The other possibility is that the real interest rate stays the same, but there’s inflation in the future. The real interest rate + the inflation is the nominal interest rate. That’s another explanation for why people might expect the nominal interest rate to go up, okay? So you know that the market is predicting rates going up, and the two obvious explanations according to Fisher is that either inflation is going to go up or the real rate is going to go up. And why might the real rate go up? Well, there are a bunch of reasons, but most likely because productivity is going up.

Okay, so I’ve got one more surprising conclusion to end this. So if you were certain about the future and you took the 5-year coupon bond, could you tell me what the price of the 5-year coupon bond was going to be next year? How would you figure that out?

Assume that everybody is convinced that the 5 year coupon bond–that they know the future for sure. So therefore, from the zero curve–I erased my graph–this is the last question. I’ll let you go as soon as you answer this. You need to answer this to do the problem set. Wrong graph, shit. Sorry. Okay, it’ll only take 1 second to answer this. Okay, I’m telling you now that this is what everybody’s looking at in the morning, okay, these numbers. They’re getting all the forward rates and stuff like that. They’re making all the deductions that we made.

Now if you suppose that those people are convinced, they don’t have any doubt about what’s going to happen in the future. Because they don’t have any doubt about what’s going to happen in the future, you can infer from these prices what they think about the future. So the question is, can you infer what the price of the 5-year Treasury, which is now 100.5, that 5-year bond is 100.5, next year it will only be a 4-year bond. Do we know what its price is going to be next year? Yes.

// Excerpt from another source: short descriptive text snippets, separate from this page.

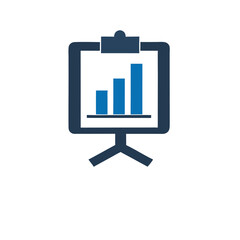 A modern vector style icon featuring a workplace 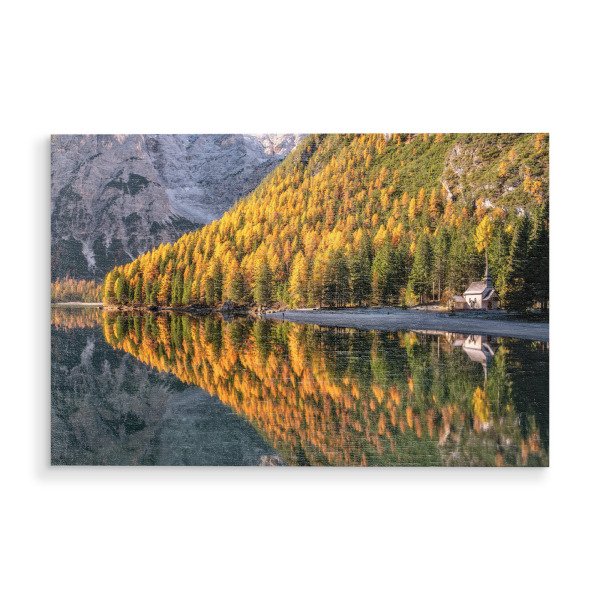 Holzbild "Herbst am Pragser Wildsee" artboxONE - Natur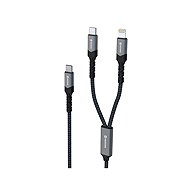 Swissten Charging Cable 2in1 USB-C/USB-C + Lightning 100W 1.5m black - Data Cable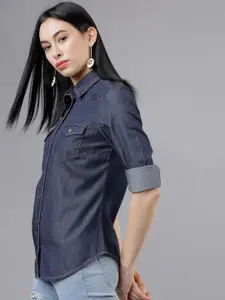 Tokyo Talkies Women Navy Blue Slim Fit Solid Casual Shirt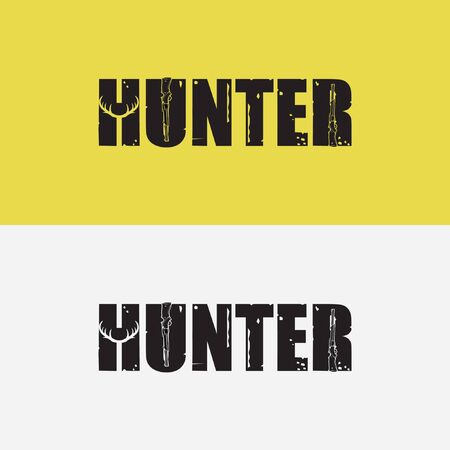 hunter typography logo designのイラスト素材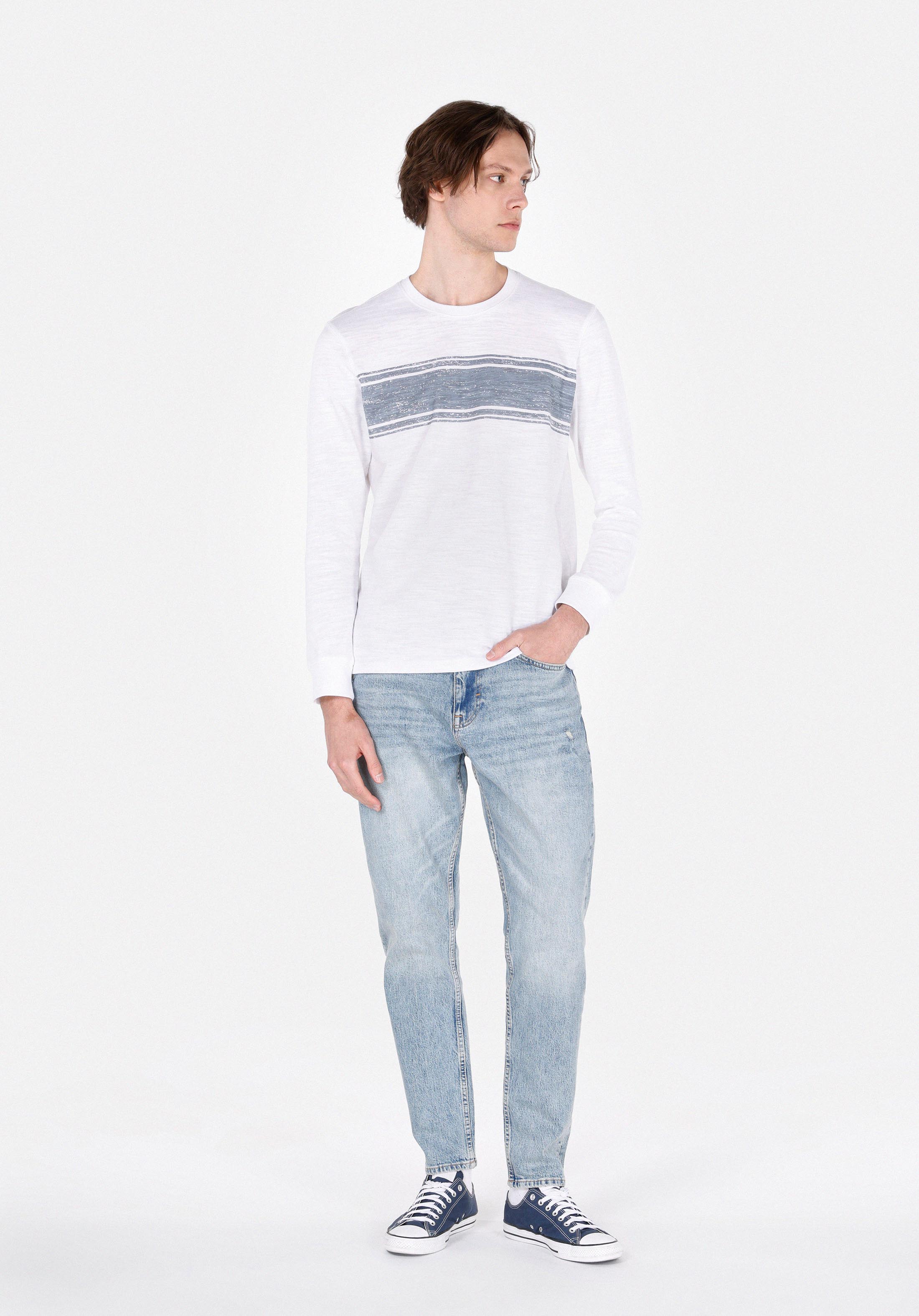 Regular Fit Yuvarlak Yaka Düz Erkek Beyaz Uzun Kol Tişört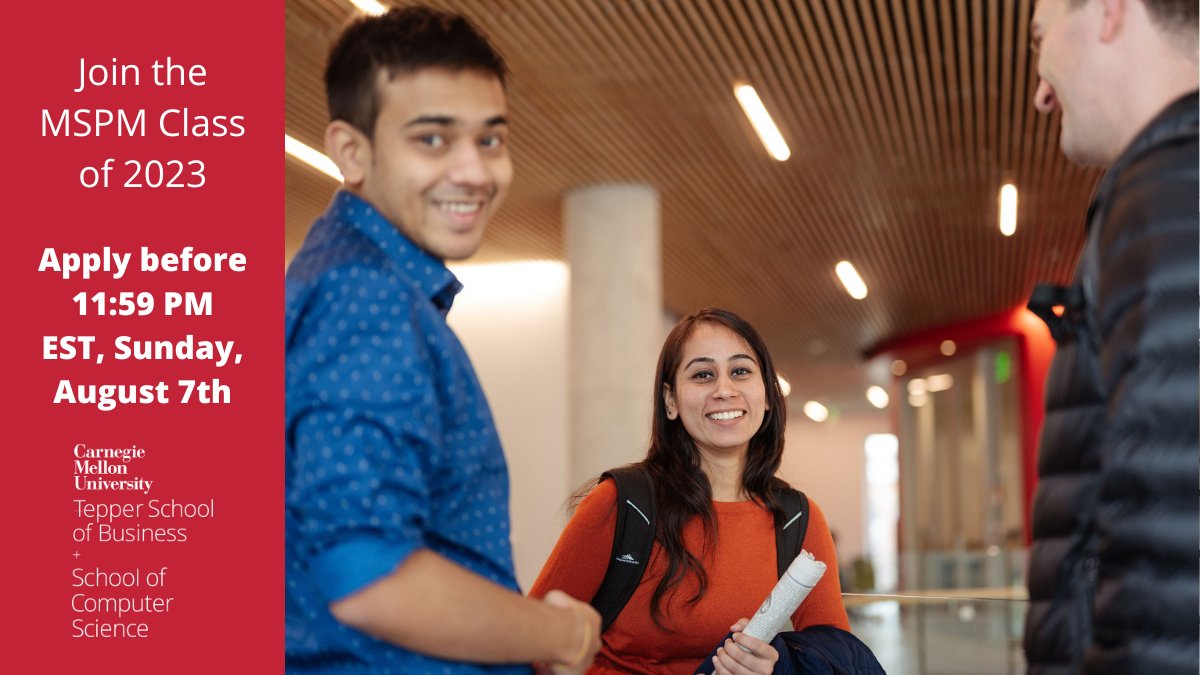 teppercmu's tweet photo. Launch your product management career with one focused year of study in CMU Tepper’s innovative MSPM program.
Apply by 11:59 PM EST this Sunday, 8/7, to join the Class of 2023.
https://t.co/usKbp605ON
#productmanagement #productmanagerjobs #pmschool #mspm #applynow https://t.co/ETZ1qwwMxp
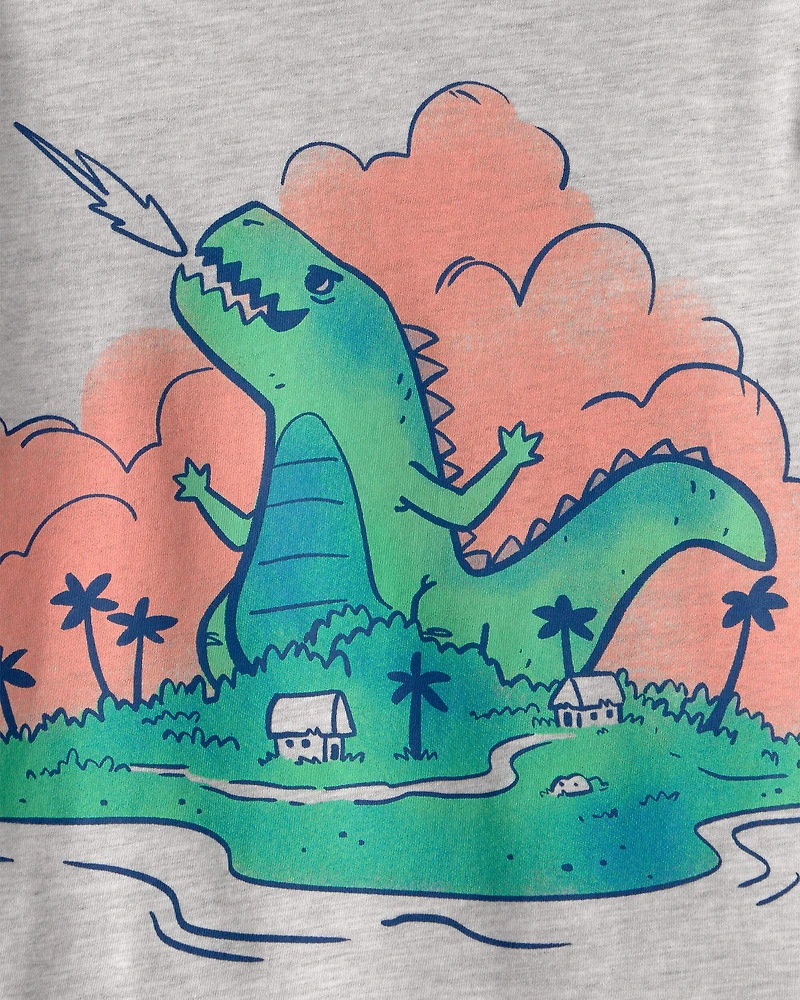 Toddler Boy Dinosaur Graphic Tee - Grey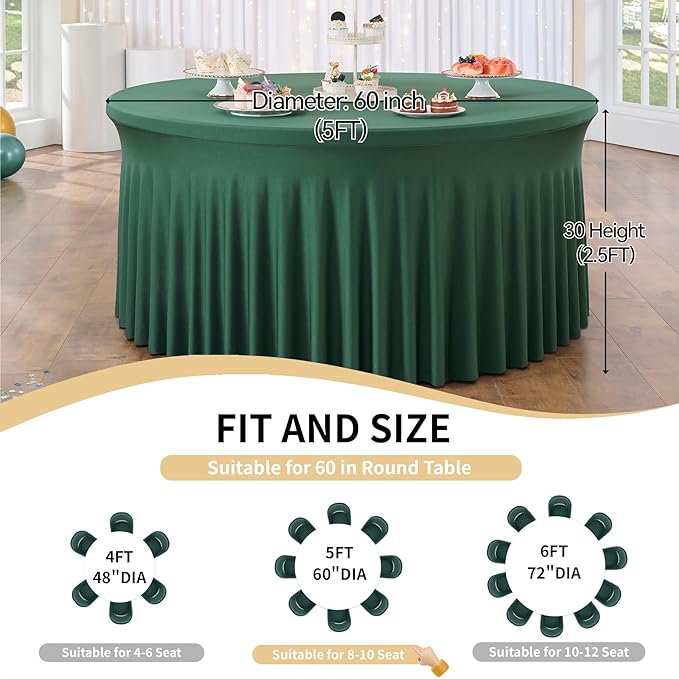 Outpain 6 Pack Spandex Hunter Green Round Tablecloths for 60in Tables, 120Inch Stretchy Fitted 5FT Round Table Clothes,Wrinkle Free Table Cover with Skirt for Wedding Party Dining Banquet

Student: Yes, you can stick the cash flows in <> year 2, 3, 4 and 5, and multiply them by the <>.

Professor John Geanakoplos: By what pis?

Student: The big pi, the price of the <>.

Professor John Geanakoplos: Those pis. Those pis or something slightly different from those pis? It’s going to be a year later, remember.

Student: Oh, by the equivalent of those in year 2.

Professor John Geanakoplos: How would you get that? Yeah?

Student: Discount by forward rates, so it’s like <> 4 and 5, forward rate in 3, 4, <> year forward, add a discount <>. Each <> would have one less forward in it.

Professor John Geanakoplos: Okay, so what you both said is absolutely correct. Unfortunately, we’re 2 minutes–we’re ending now. So let me just end by saying, in the problem set, that’s exactly the question. What is the 5-year coupon going to be priced next year?

If there’s a world of certainty, you’re going to know what all the interest rates are in the future. And if you know what all the interest rates are in the future, obviously Fisher tells you, you can figure out the price is. However, to get the exact formula would take a few minutes and I unfortunately am a few minutes behind, so you’re going to have to figure out what the right formula is, but it’s what he said and what you were getting to.